> _COLLECTED DATA_
§ §
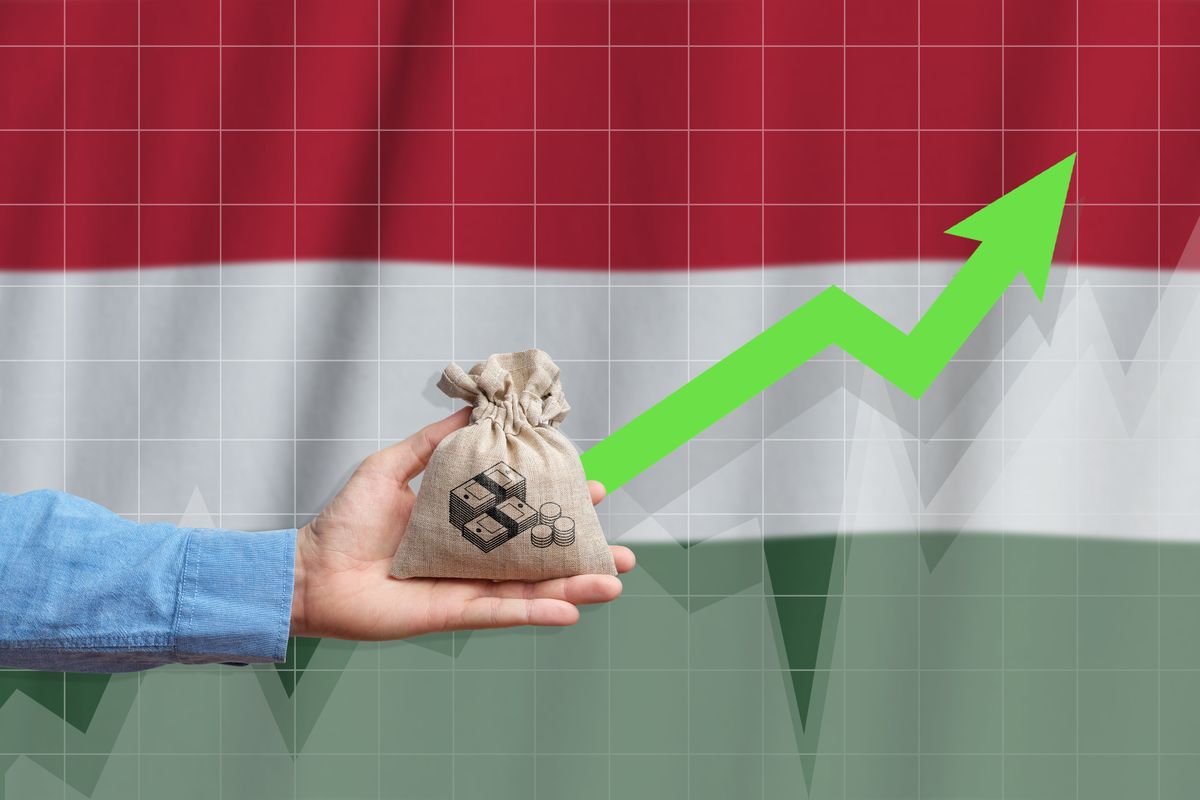 forint The,Concept,Of,Economic,Growth,In,Hungary.,Hand,Holds,A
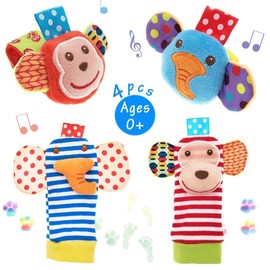 Baby Socks Newborn Socks Baby Toddler Rattle Socks Toys for Baby Boys or Girls, Wrist Rattles and Foot Finder- New Baby Gift Toddler Toys (Large, 0-12 Months)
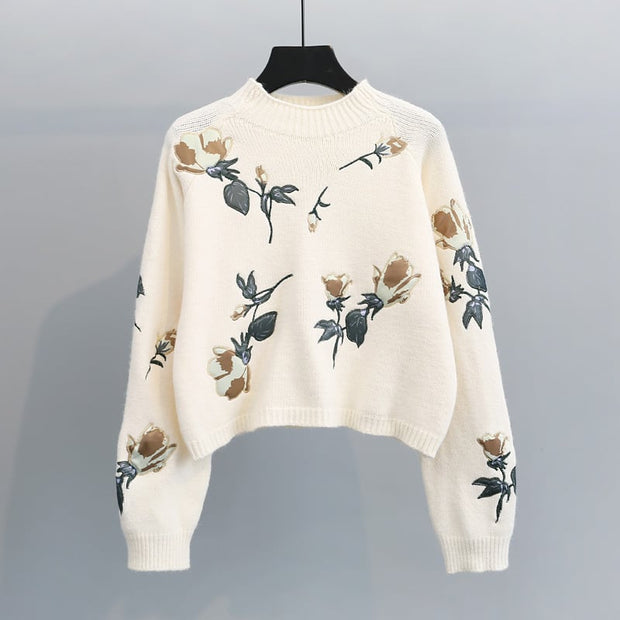 Damenstrickpullover mit Blumenstickerei - Adrienne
§ §
> _PROBLEM DETAILS_
Skip the images and set down the rest of the data unchanged.

> _EXERCISE RESULT_
 forint The,Concept,Of,Economic,Growth,In,Hungary.,Hand,Holds,A
 Baby Socks Newborn Socks Baby Toddler Rattle Socks Toys for Baby Boys or Girls, Wrist Rattles and Foot Finder- New Baby Gift Toddler Toys (Large, 0-12 Months)
 Damenstrickpullover mit Blumenstickerei - Adrienne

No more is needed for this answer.